Het college heeft gegevens van het systeem Track&Trace overgelegd, waaruit blijkt dat de brief van 1 juni 2017 op maandag 12 juni 2017 om 17.24 uur is opgehaald bij de PostNL-locatie. Uit de gegevens van Track&Trace blijkt echter niet wanneer de brief op het adres van appellant is aangeboden. Het college heeft de Raad laten weten dat deze gegevens niet voorhanden zijn, omdat de Track&Trace code niet meer geldig is. Een concreet feit of concrete omstandigheid op grond waarvan kan worden vastgesteld dat de brief van 1 juni 2017 eerder dan 9 juni 2017 op het adres van appellant is aangeboden, ontbreekt. Het college heeft dus niet aannemelijk gemaakt dat de brief vóór 9 juni 2017 op het adres van appellant is aangeboden. Gelet hierop moet het ervoor worden gehouden dat appellant niet vóór 9 juni 2017 kennis heeft gekregen van de brief van 1 juni 2017, met als gevolg dat appellant niet de gelegenheid heeft gehad de aanvraag aan te vullen.
4.5.
Uit 4.4 volgt dat het college niet bevoegd was om de aanvraag om bijstand met toepassing van artikel 4:5, eerste lid, van de Awb buiten behandeling te stellen. De rechtbank heeft dit niet onderkend, zodat de aangevallen uitspraak moet worden vernietigd. Doende wat de rechtbank zou behoren te doen, zal de Raad het beroep gegrond verklaren en het bestreden besluit vernietigen wegens strijd met de wet. Aangezien aan het besluit van 9 juni 2017 hetzelfde gebrek kleeft en dit gebrek niet kan worden hersteld, zal de Raad zelf in de zaak voorzien door het besluit van 9 juni 2017 te herroepen. De Raad beschikt niet over de benodigde gegevens om zelf een beslissing te nemen op de aanvraag van 16 mei 2017. Dit betekent dat het college met inachtneming van deze uitspraak alsnog op die aanvraag moet beslissen.

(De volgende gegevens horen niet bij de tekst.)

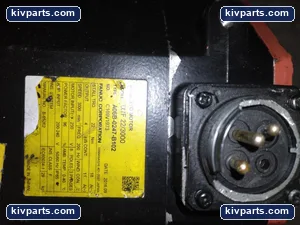 Fanuc A06B-0247-B102 AC Servo Motor – actual item, photo 7 of 8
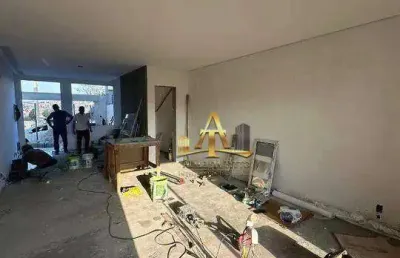 Casa com 3 dormitórios à venda, 128 m² por r$ 1.060.000,00 - jaguari - santana de parnaíba/sp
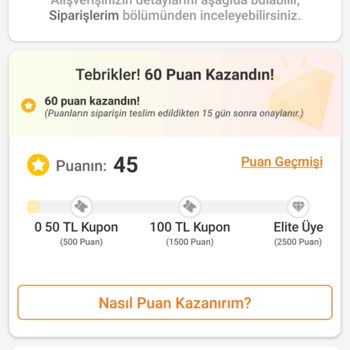 Ttendyol Da Kaybolan Ürünüm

5. Aanleiding bestaat het college te veroordelen in de kosten van appellant. Deze kosten worden begroot op € 1.068,- in beroep en € 1.068,- in hoger beroep voor verleende rechtsbijstand.

BESLISSING

De Centrale Raad van Beroep
  • vernietigt de aangevallen uitspraak;
  • verklaart het beroep gegrond en vernietigt het besluit van 25 oktober 2017;
  • herroept het besluit van 9 juni 2017;
  • draagt het college op een nieuw besluit te nemen op de aanvraag van 16 mei 2017 met inachtneming van deze uitspraak;
  • veroordeelt het college in de proceskosten van appellant tot een bedrag van € 2.136,-;
  • bepaalt dat het college aan appellant het in beroep en in hoger beroep betaalde griffierecht van in totaal € 172,- vergoedt.
Deze uitspraak is gedaan door L.A. Kjellevold, in tegenwoordigheid van A.A.H. Ibrahim als griffier. De beslissing is uitgesproken in het openbaar op 2 maart 2021.